- Task directions -
Every line below is to be set down again exactly; any image stays out.

- Supplied data -
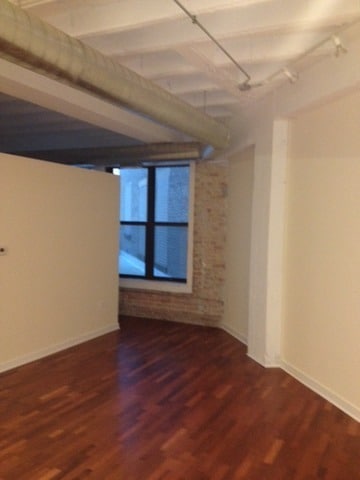 Building Photo - 4015 N Milwaukee Ave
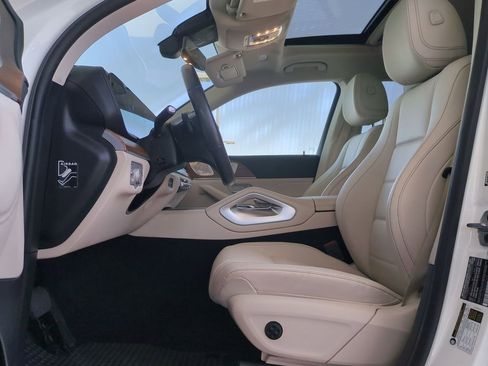 Used 2021 Mercedes-Benz GLS 450 4MATIC image 23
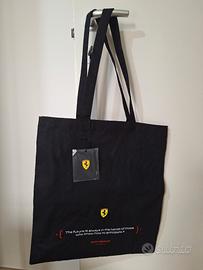 Shopper Ferrari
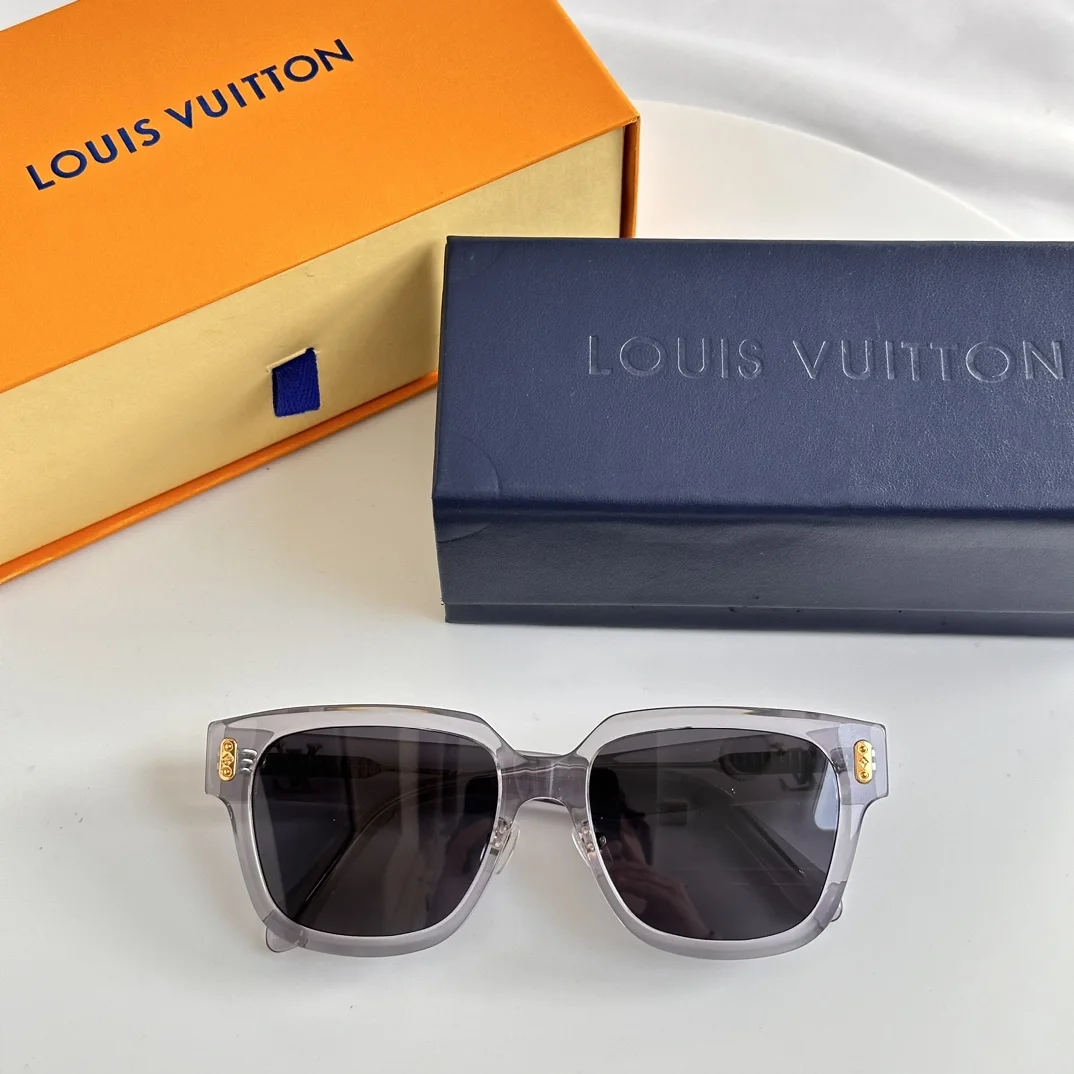 LV $47 gallery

- Exercise response -
 Building Photo - 4015 N Milwaukee Ave
 Used 2021 Mercedes-Benz GLS 450 4MATIC image 23
 Shopper Ferrari
 LV $47 gallery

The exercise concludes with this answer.